→ **Task requirements**
Copy the data exactly from the line that contains "Cách trả lời" through the line that contains "1989 – Ike &", keeping both end lines and leaving out everything else.

→ **Extracted material**
Start of Block

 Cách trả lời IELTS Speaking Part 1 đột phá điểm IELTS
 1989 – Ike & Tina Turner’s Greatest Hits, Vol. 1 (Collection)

End of Block
Start of Block

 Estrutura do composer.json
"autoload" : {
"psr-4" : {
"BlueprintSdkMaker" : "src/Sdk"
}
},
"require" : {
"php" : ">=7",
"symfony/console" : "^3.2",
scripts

End of Block

→ **Solution for this problem**
 Cách trả lời IELTS Speaking Part 1 đột phá điểm IELTS
 1989 – Ike & Tina Turner’s Greatest Hits, Vol. 1 (Collection)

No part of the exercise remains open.